You have refined the art of issue identification over the past few years, so you may have spotted another issue in what I said above; what little you retain from studying my course The Legal Profession may have been stirred by my saying that I challenged the police because I am a lawyer.
I can’t say my being a lawyer was a conscious, let alone considered, reason for my acting as I did. Rather, I think that my instinctive response to what I saw happening came in large part from an ingrained sense of having a duty to the administration of justice (ring any bells?). We can – and next time I teach The Legal Profession we will – discuss what the scope of that ‘administration of justice’ duty is, but my experience suggests that it can encompass a duty to restrain the states’ excessive and inappropriate use of force.
There are ways and ways of a lawyer’s acting to restrain abuse of power (public and private); you don’t have to seek out and confront police misconduct. In a more lawyerly way, you will be getting out your admin law notes and wishing you had paid more attention in classes on merits review and judicial review, and going through your civil procedure and equity notes to remind yourself of remedies such as prerogative relief and estoppel. You may even be living the mooter’s dream, on your feet in an appellate court arguing for constitutional limits on the exercise of state power.
As a teaching moment, the arrest can take inquiring minds other directions. One is law reform. We can ask, for example, when and why did the NSW police get pre-emptive arrest powers? When and why did the Ombudsman’s Office lose jurisdiction over police complaints? And, looking ahead, we can ask whether and how new reforms could roll back those earlier reforms.
Another direction for inquiring minds to take is access to justice. For these purposes, let’s say that ‘justice’ comprises a remedy for assault and wrongful arrest, and a disciplinary response to police misconduct. How accessible is justice of that sort? Answer: not very. On a range of considerations, I am a very well resourced plaintiff/complainant. If there is a remedy to be had and an accountability mechanism to be engaged, then I should be able to do it. But I was actually challenged to work out what the pathways to justice are, even with the invaluable help of Redfern Legal Centre and volunteering criminal law barristers. I was further challenged by the time, stress, and financial risk that I faced in pursuing justice.
Despite my well-resourced status, getting access to justice is beyond me. But at least I had the capacity (and help) to work that out. Other protesters who were assaulted and arrested can’t necessarily get even that far, and that is probably true too for many young people, homeless people, Indigenous people, migrants, and people with a disability, who more frequently have negative interactions with police.
Issues such as these – restraining abuses of power, pursuing law reform, ensuring access to justice – matter to many people, lawyers or not. But I think they matter in particular to lawyers, even to the extent that a lawyer has a duty to address them.

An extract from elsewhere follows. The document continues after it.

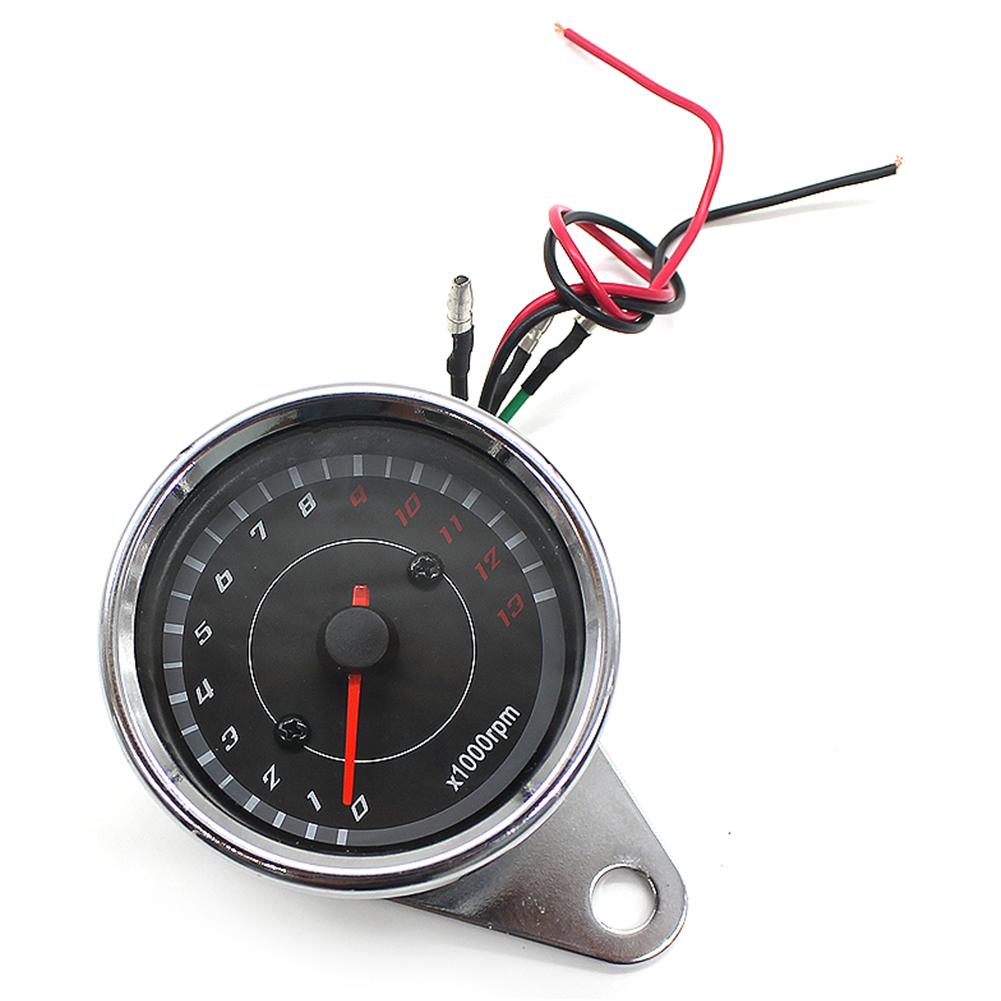 DC 12V Universal Motorcycle Tachometer Blue LED Backlit 1000RPM Analog Tachometer Electronic Tach Meter Speedometer Gauge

This arises for those of you who will take your law degree into practice, but it is also a special awareness that all of you have, simply for having studied law.
The formal rules of the profession do not specify a lawyer’s duty to restrain abuses of power, pursue law reform, and ensure access to justice; the formal rules imagine a lawyer only as in the service of a client, and as an ‘officer of the court’. Despite the grandeur of the admissions ceremony, you will find that the oath of office on being admitted as a solicitor of the NSW Supreme Court is very modest in its scope:
I will truly and honestly conduct myself in the practice of a legal practitioner of the Supreme Court of New South Wales and I shall faithfully serve as such in the administration of the laws and the usages of that State according to the best of my knowledge, skill and ability.
That conveys to me an admirable but narrow and quite passive role for a lawyer in society; I think of it as a bottom line. Is that really all a law degree enables you to do? Is that really all you’ve been studying for? Quite what ‘more’ you want to do with your law degree is up to you, but making a professional contribution to people’s peace, fulfilment and happiness is an option.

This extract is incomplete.